* To do
Please, in the data that follows, copy exactly the lines from the line with "So here is Ray" through the last one, both included. Do not include pictures.

(Collection entries)
******************************
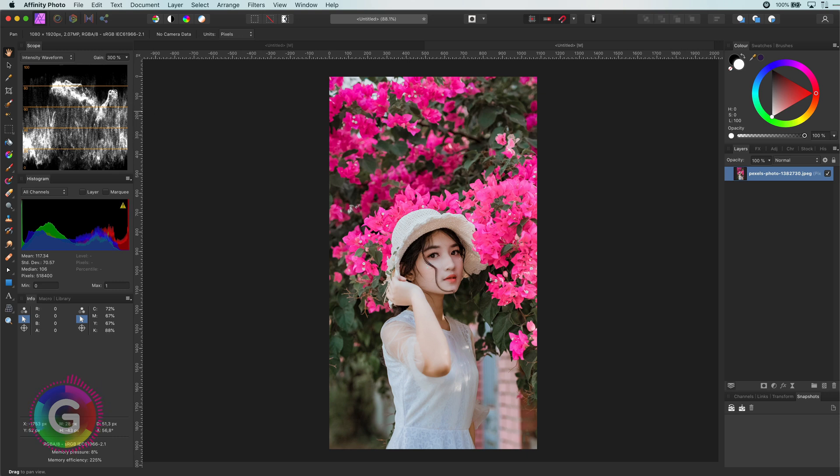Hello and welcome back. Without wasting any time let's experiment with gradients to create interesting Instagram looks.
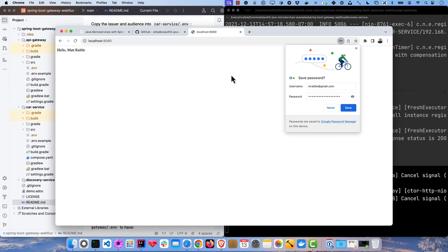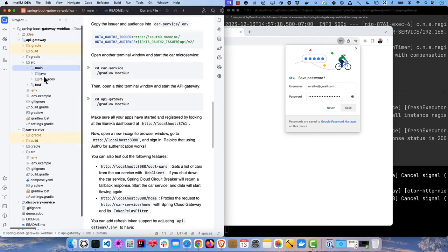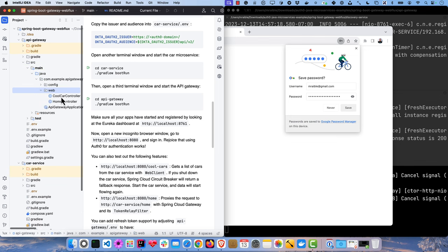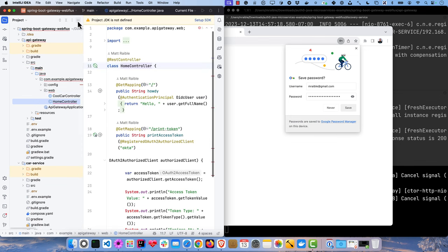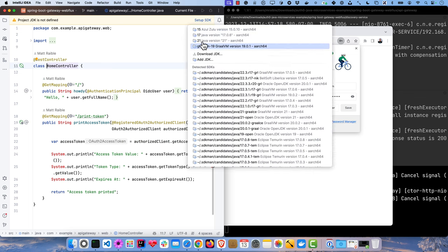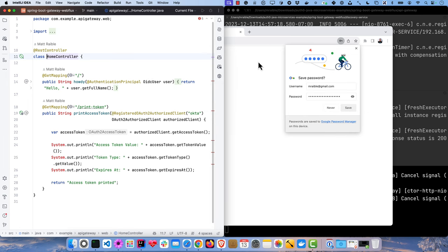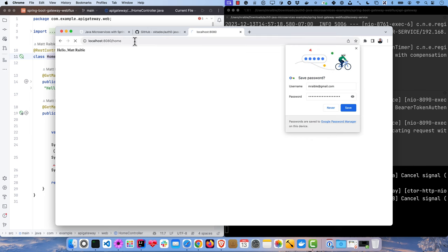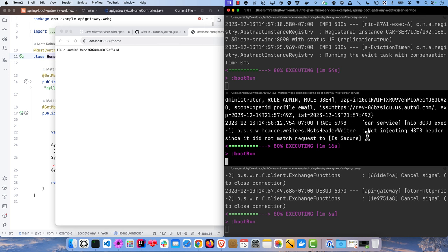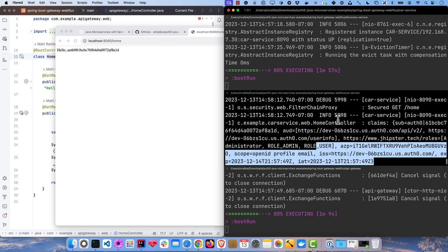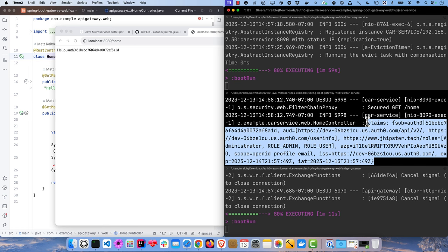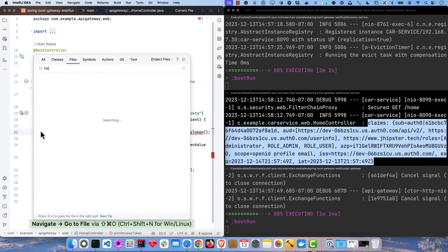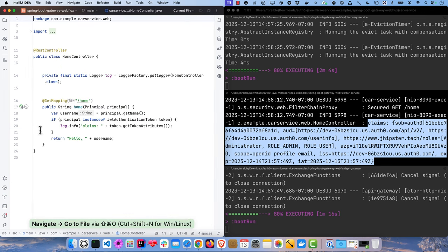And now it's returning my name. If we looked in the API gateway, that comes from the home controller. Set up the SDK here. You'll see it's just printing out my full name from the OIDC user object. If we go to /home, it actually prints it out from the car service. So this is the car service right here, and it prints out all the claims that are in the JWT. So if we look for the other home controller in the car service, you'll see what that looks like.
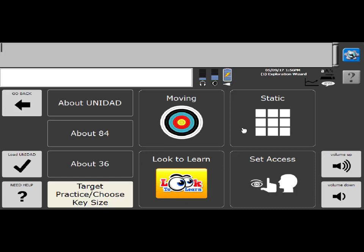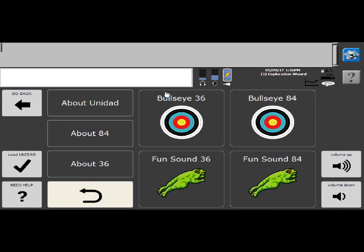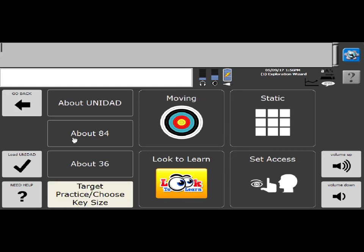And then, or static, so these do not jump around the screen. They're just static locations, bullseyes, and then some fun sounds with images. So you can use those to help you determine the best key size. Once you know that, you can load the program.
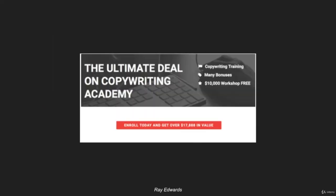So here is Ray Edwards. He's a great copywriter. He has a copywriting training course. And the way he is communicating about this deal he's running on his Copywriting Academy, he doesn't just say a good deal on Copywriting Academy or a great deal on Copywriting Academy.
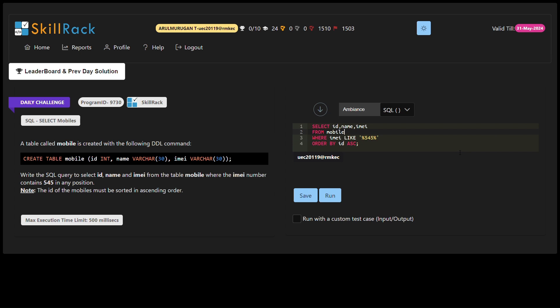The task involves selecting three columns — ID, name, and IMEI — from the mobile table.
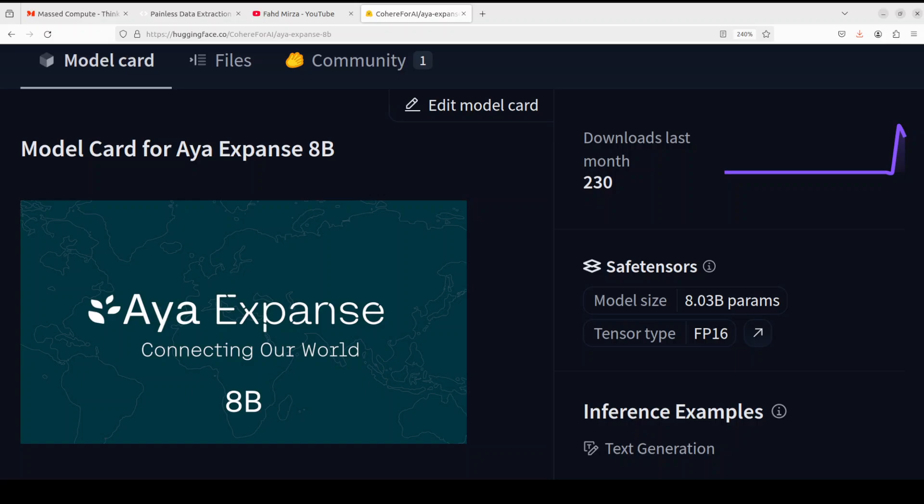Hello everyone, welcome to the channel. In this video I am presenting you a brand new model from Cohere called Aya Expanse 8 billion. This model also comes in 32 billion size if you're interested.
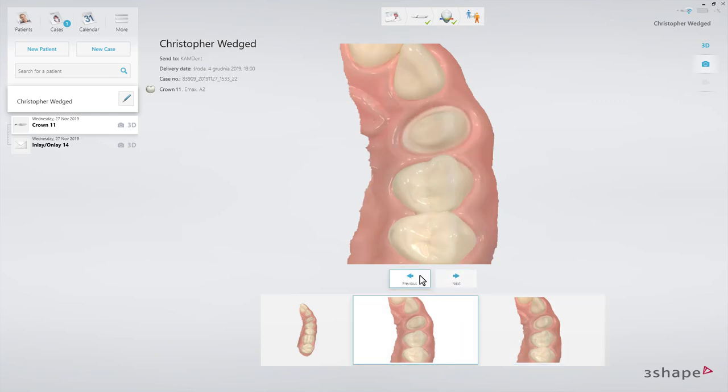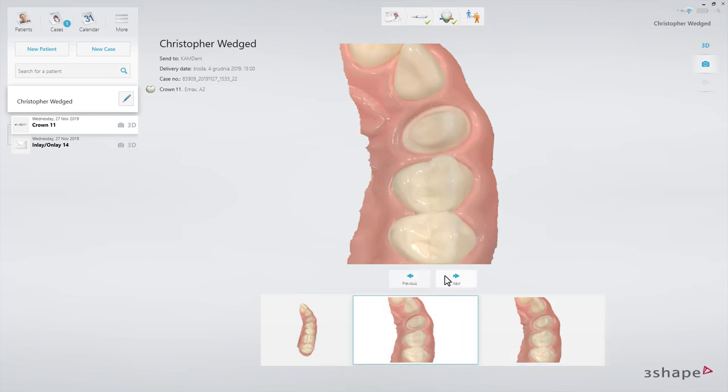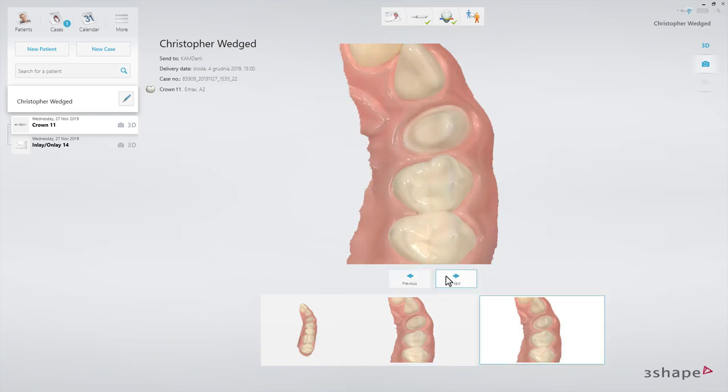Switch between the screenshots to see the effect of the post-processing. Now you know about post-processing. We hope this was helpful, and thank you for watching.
******************************
* Output of the task
So here is Ray Edwards. He's a great copywriter. He has a copywriting training course. And the way he is communicating about this deal he's running on his Copywriting Academy, he doesn't just say a good deal on Copywriting Academy or a great deal on Copywriting Academy.
The task involves selecting three columns — ID, name, and IMEI — from the mobile table.
Hello everyone, welcome to the channel. In this video I am presenting you a brand new model from Cohere called Aya Expanse 8 billion. This model also comes in 32 billion size if you're interested.
Switch between the screenshots to see the effect of the post-processing. Now you know about post-processing. We hope this was helpful, and thank you for watching.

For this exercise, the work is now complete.